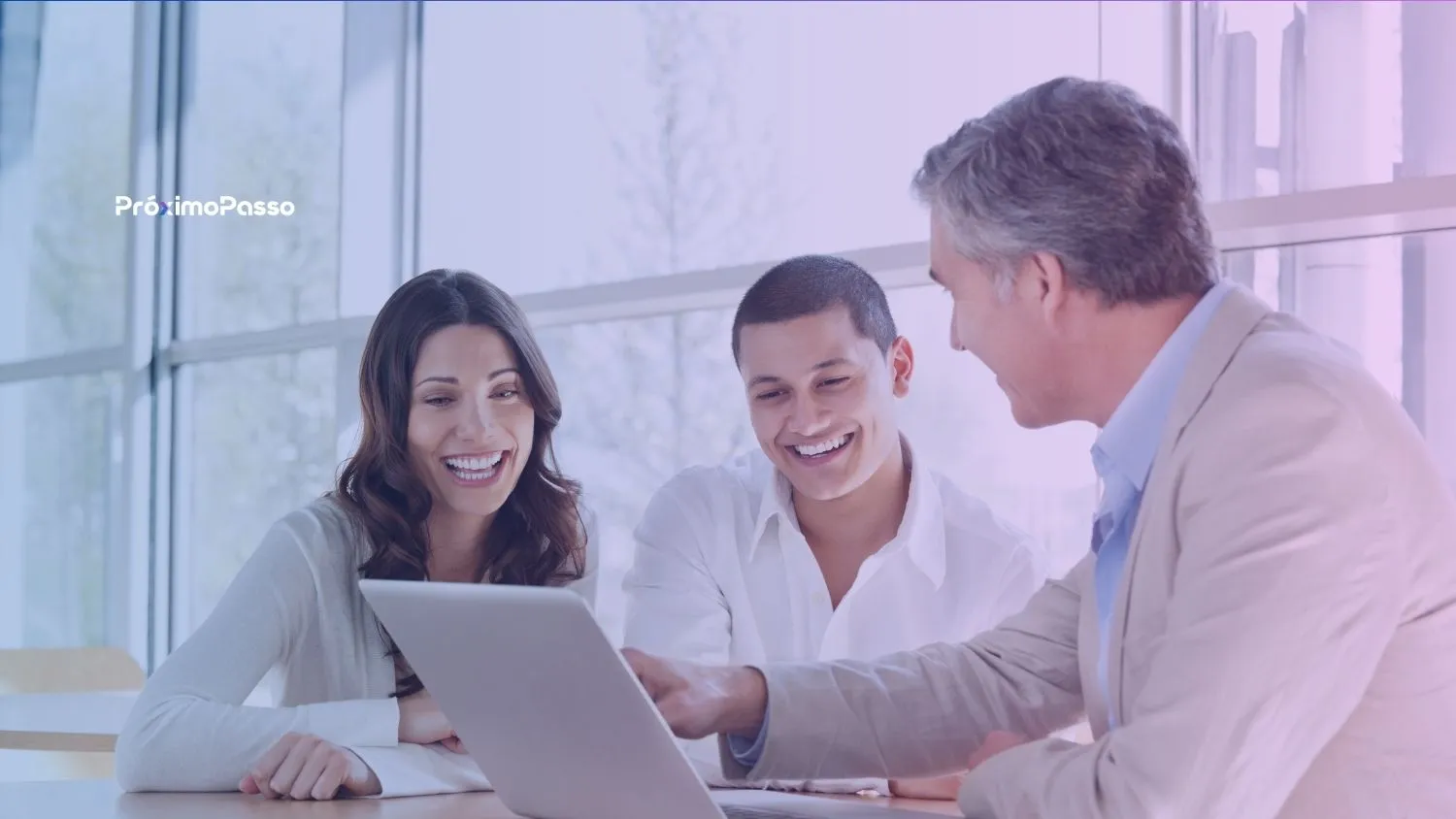 Consultoria de SEO: O Que Você Recebe na Próximo Passo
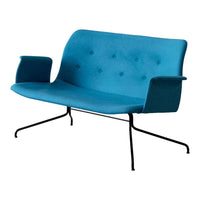 Primum Sofa with Arms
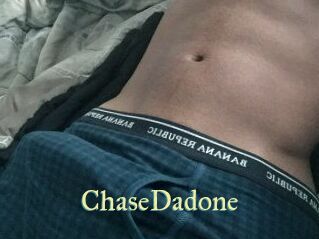 ChaseDadone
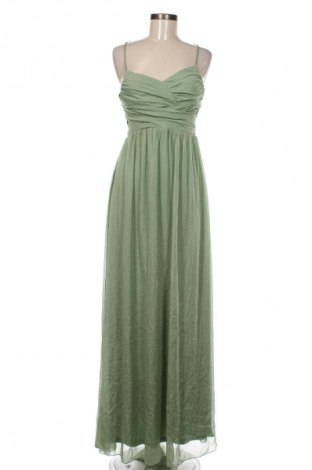 Kleid Faeriesty, Größe M, Farbe Grün, Preis € 66,80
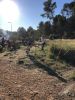 cyclos cross la ciotat sam.11 janvier.jpg10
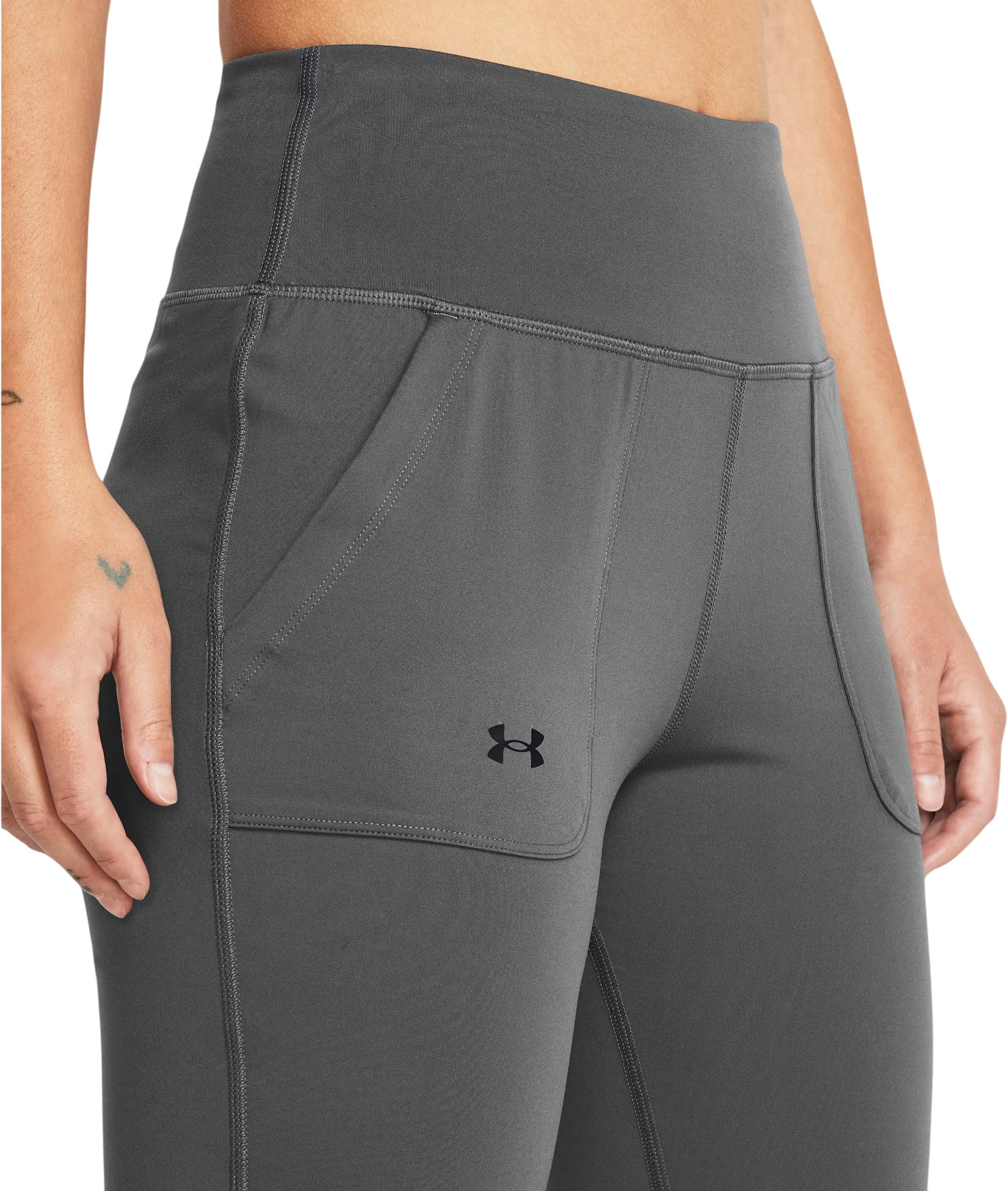 Брюки Under Armour Motion Jogger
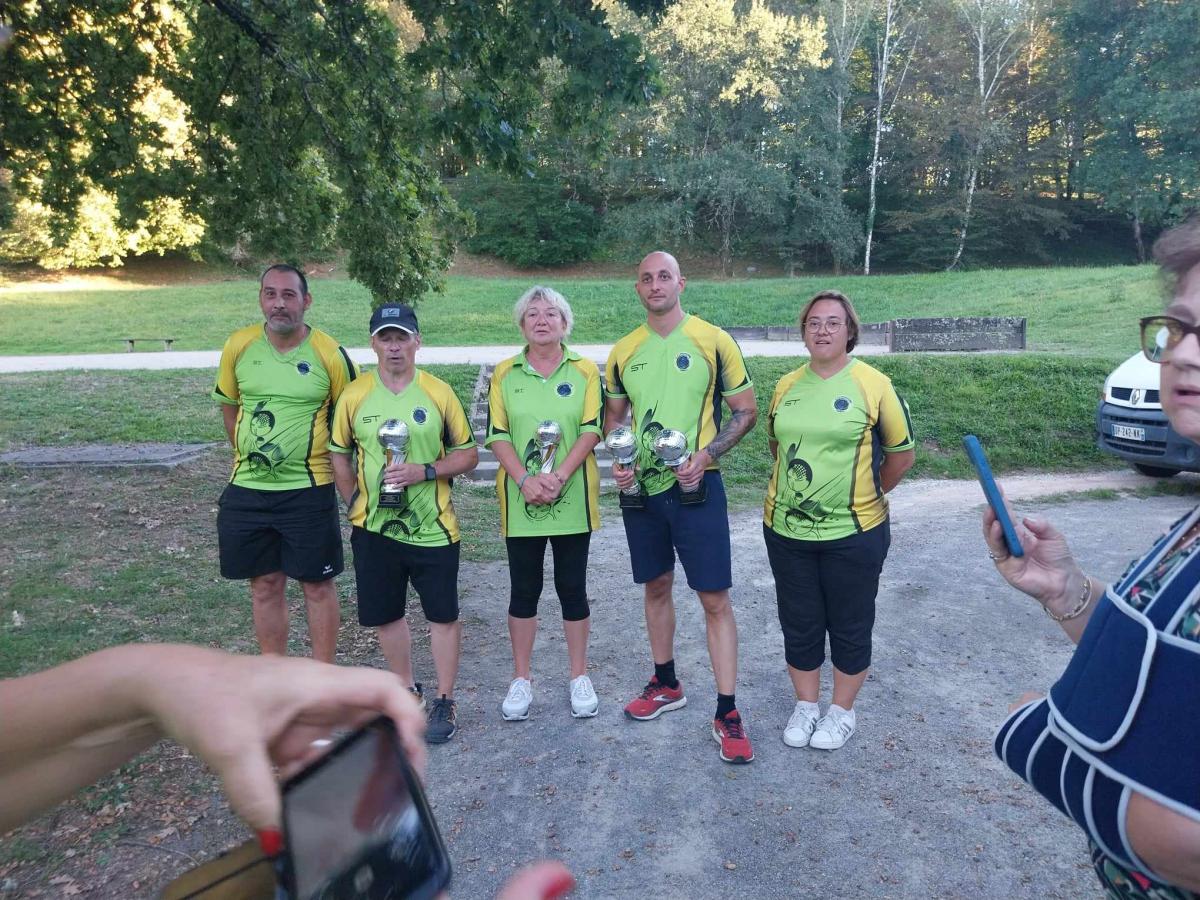 382284177_1593348347739683_1023787858599253841_n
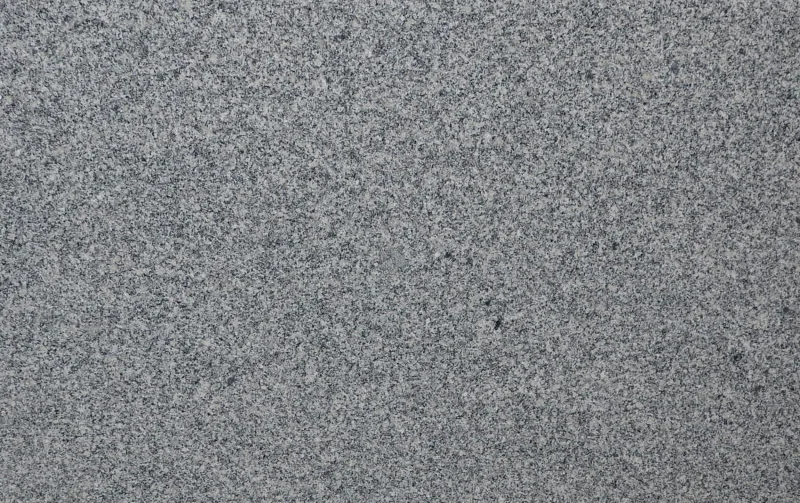 pedra cinza corumbá em Belo Horizonte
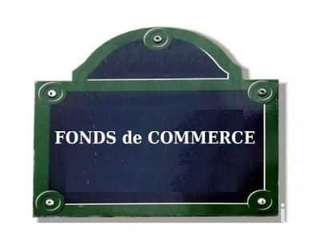 Divers ventes Divers ventes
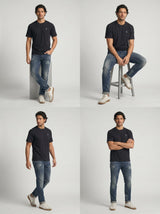 Extra Soft Tee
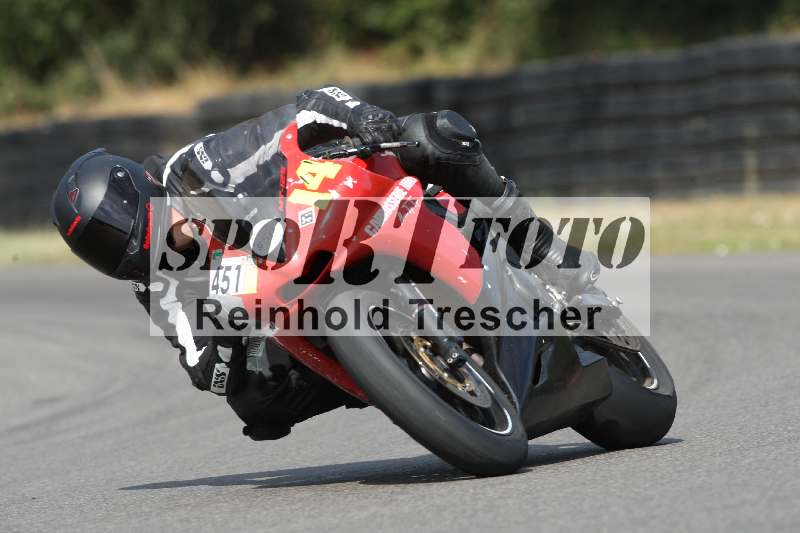 /Archiv-2022/55 14.08.2022 Plüss Moto Sport ADR/Freies Fahren/451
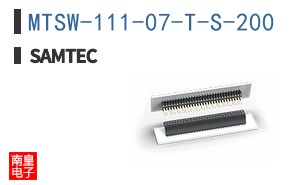 MTSW-111-07-T-S-200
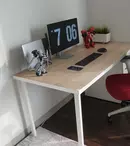 Ce tipuri de scaune de birou poți găsi la TOP SCAUNE?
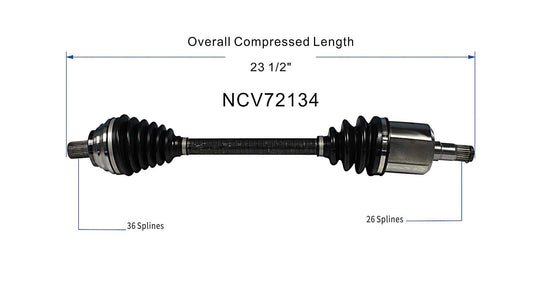 NCV72134_SPE.jpg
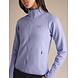 Arc'Teryx Kyanite Jacket - Kasumi Arc'Teryx Kyanite Jacket - Kasumi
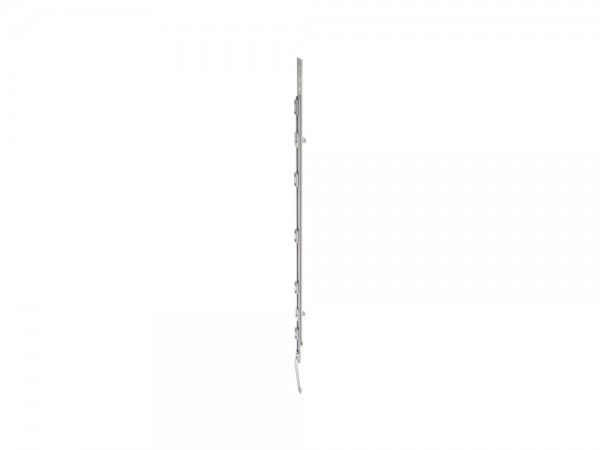 Siegenia Zwischenstück AF RB Lang 2RS TS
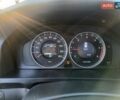 Синій Вольво B60, об'ємом двигуна 1.56 л та пробігом 235 тис. км за 8500 $, фото 5 на Automoto.ua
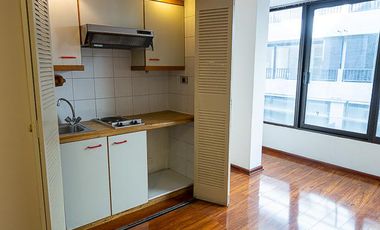 Departamento Barrio El Golf ID: 10031r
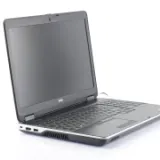 Dell Latitude E6540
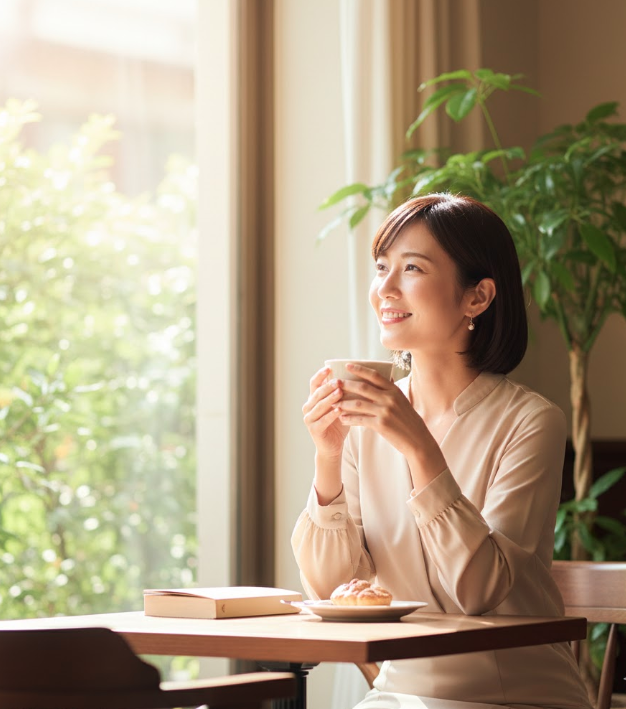 自分の価値観を押し付ける人の心理と末路を徹底解説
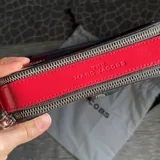 Женская сумка Marc Jacobs 5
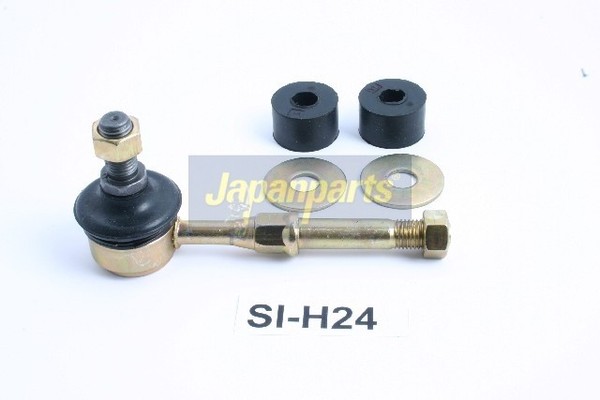Koppelstange Stabilisator Vorderachse FÜR Hyundai - Japanparts SI-H24-image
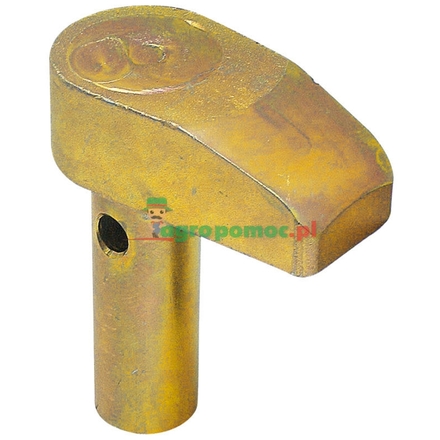 Walterscheid Hold-down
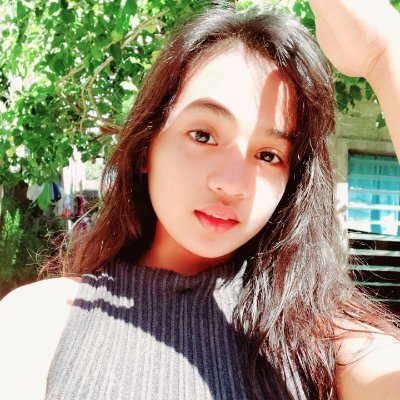 lalalai73180306's profile picture. ARMY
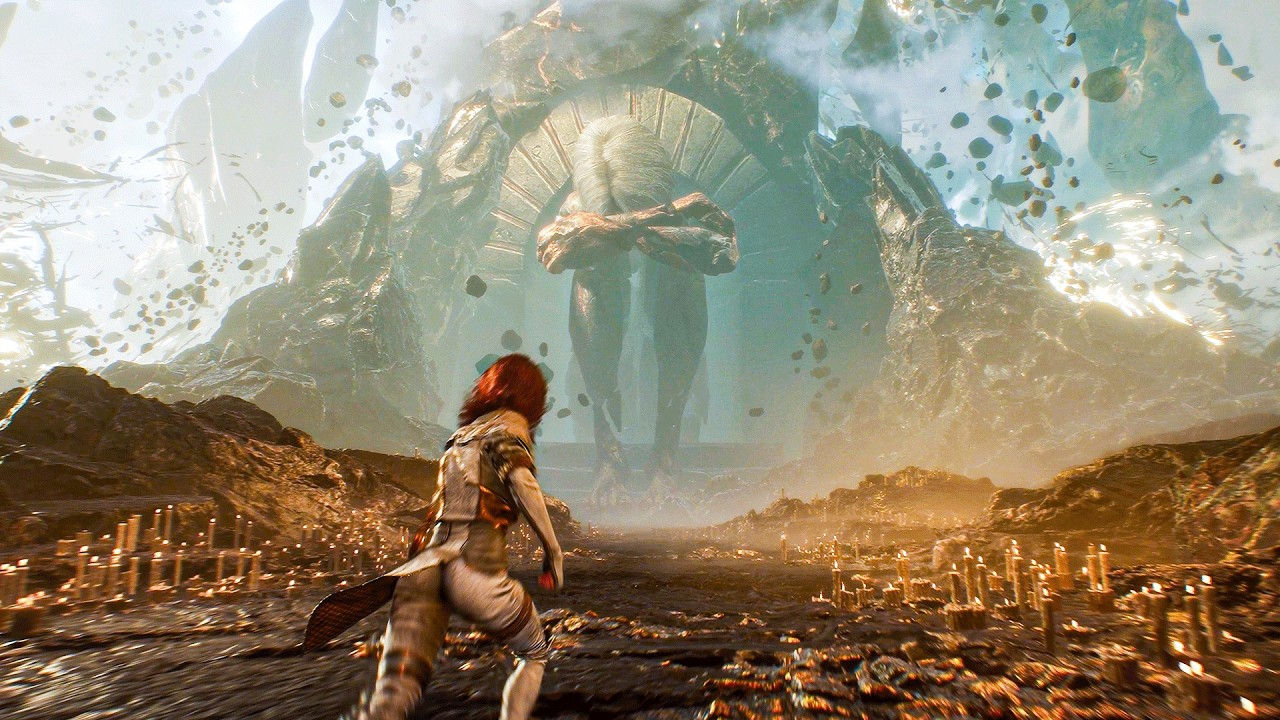 Светотень: Expedition 33 или что вы не поняли в Clair Obscur_104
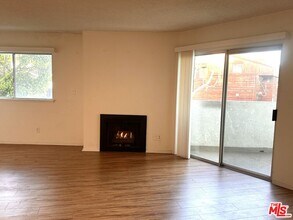 601 Coeur D Alene Ave in Los Angeles, CA - Building Photo - Building Photo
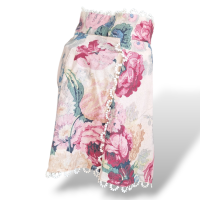 Shorts Zimmermann Florido-38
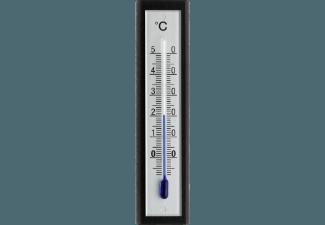 TFA 12.1043.06 Innenthermometer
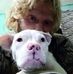 Nathan Mills - Facebook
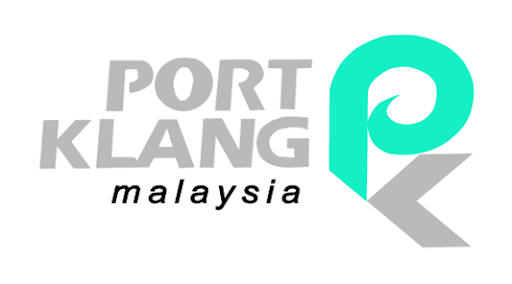 Port Klang Authority Circular: Operations During MCO 2.0 for Port Users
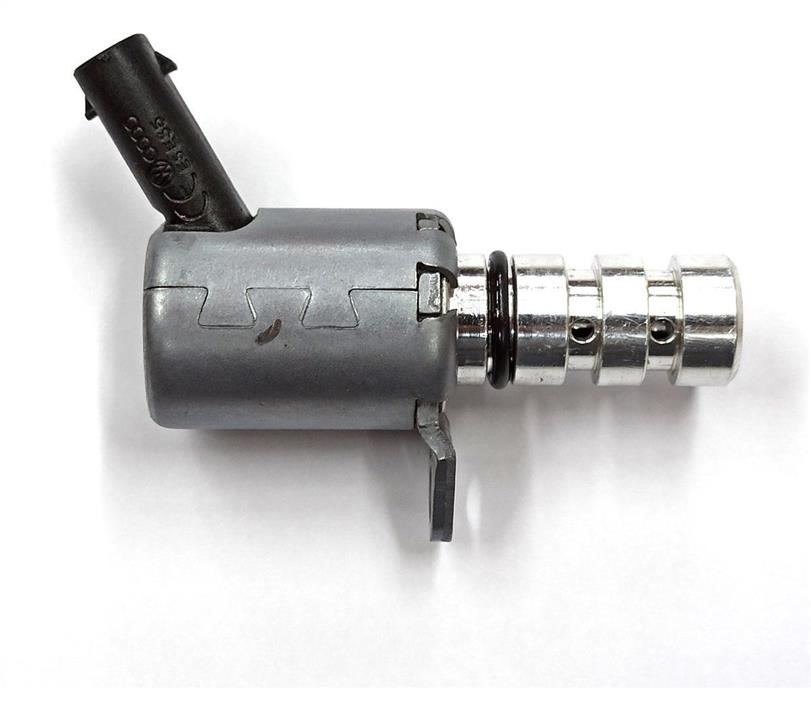 VAG 06E 115 243 F Camshaft adjustment valve 06E115243F: Buy near me in Poland at 2407.PL - Good price!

Your goal >>
Reproduce exactly and only the lines from the one with "Nathan Mills - Facebook" through the last entry, both included, excluding every picture.

Result for this exercise >>
 Nathan Mills - Facebook
 Port Klang Authority Circular: Operations During MCO 2.0 for Port Users
 VAG 06E 115 243 F Camshaft adjustment valve 06E115243F: Buy near me in Poland at 2407.PL - Good price!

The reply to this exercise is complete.